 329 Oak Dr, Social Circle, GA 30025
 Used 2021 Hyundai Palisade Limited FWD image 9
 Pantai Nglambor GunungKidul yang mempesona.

...

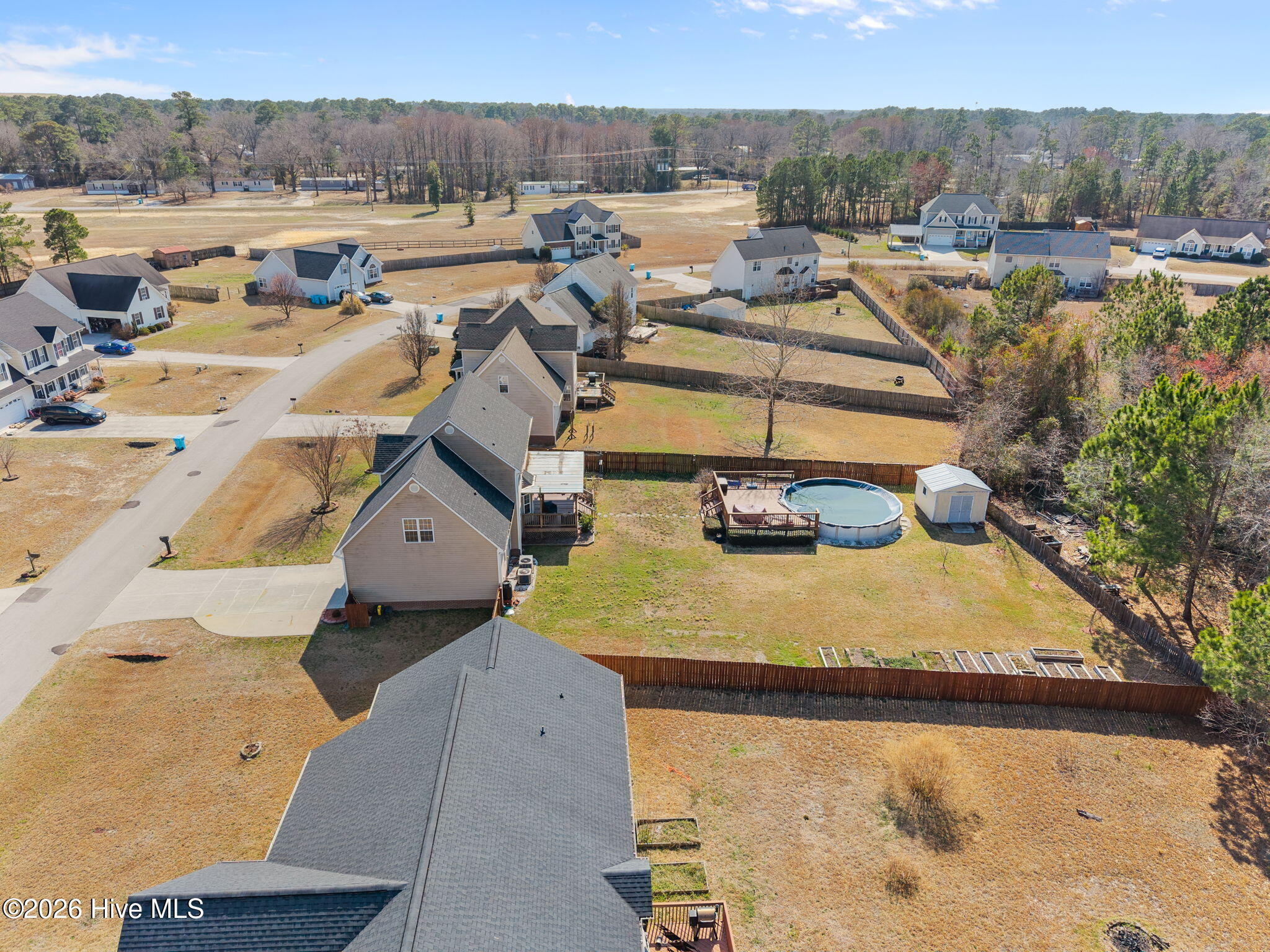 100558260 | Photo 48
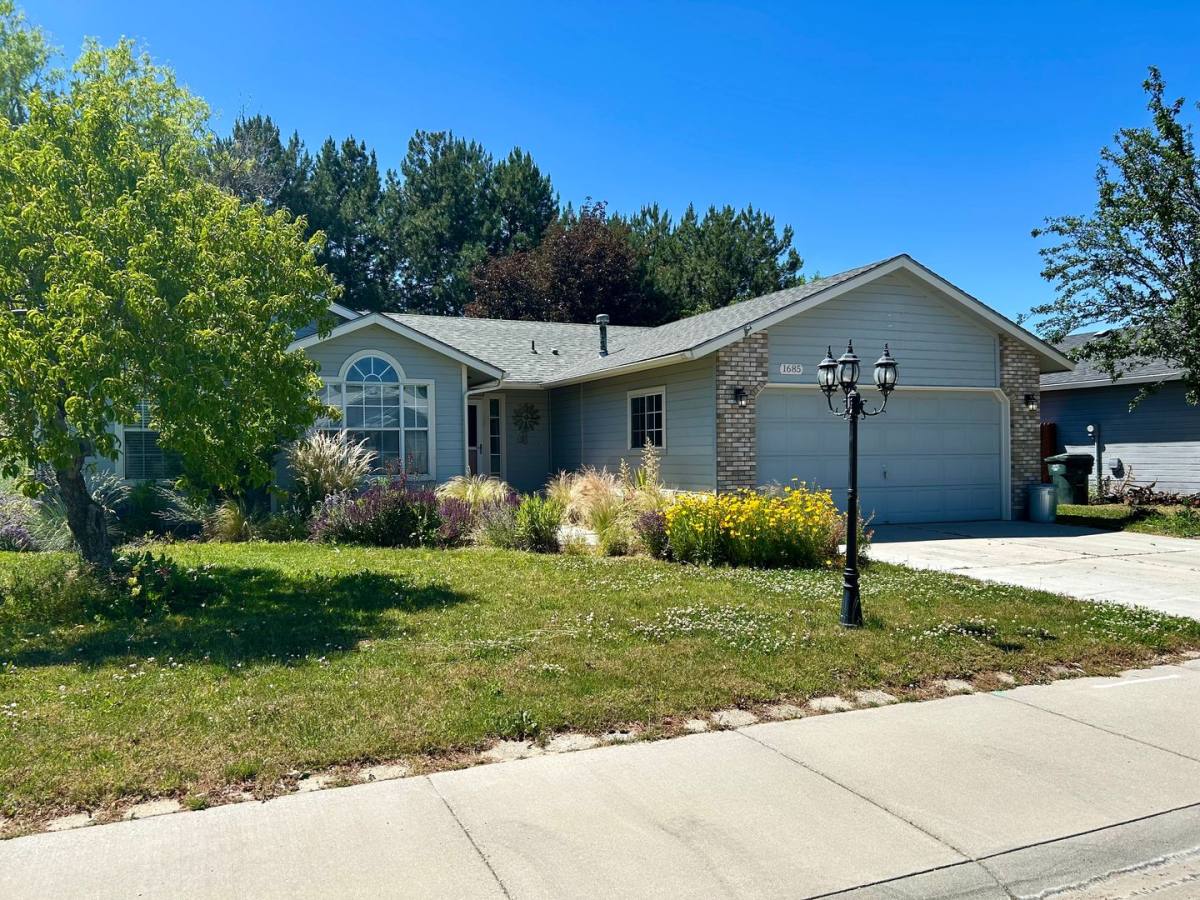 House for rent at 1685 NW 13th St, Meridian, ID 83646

==

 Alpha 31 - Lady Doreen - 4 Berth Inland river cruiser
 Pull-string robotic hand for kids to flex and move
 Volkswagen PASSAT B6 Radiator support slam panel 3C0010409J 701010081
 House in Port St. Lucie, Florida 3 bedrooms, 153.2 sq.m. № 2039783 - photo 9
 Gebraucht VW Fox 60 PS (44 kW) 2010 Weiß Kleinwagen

WHAT THIS TASK INVOLVES:
Write out exactly the lines that fall from the line with "329 Oak Dr, Social Circle, GA 30025" to the line with "Pantai Nglambor GunungKidul yang mempesona." in the records above, keeping both ends.

REPLY:
 329 Oak Dr, Social Circle, GA 30025
 Used 2021 Hyundai Palisade Limited FWD image 9
 Pantai Nglambor GunungKidul yang mempesona.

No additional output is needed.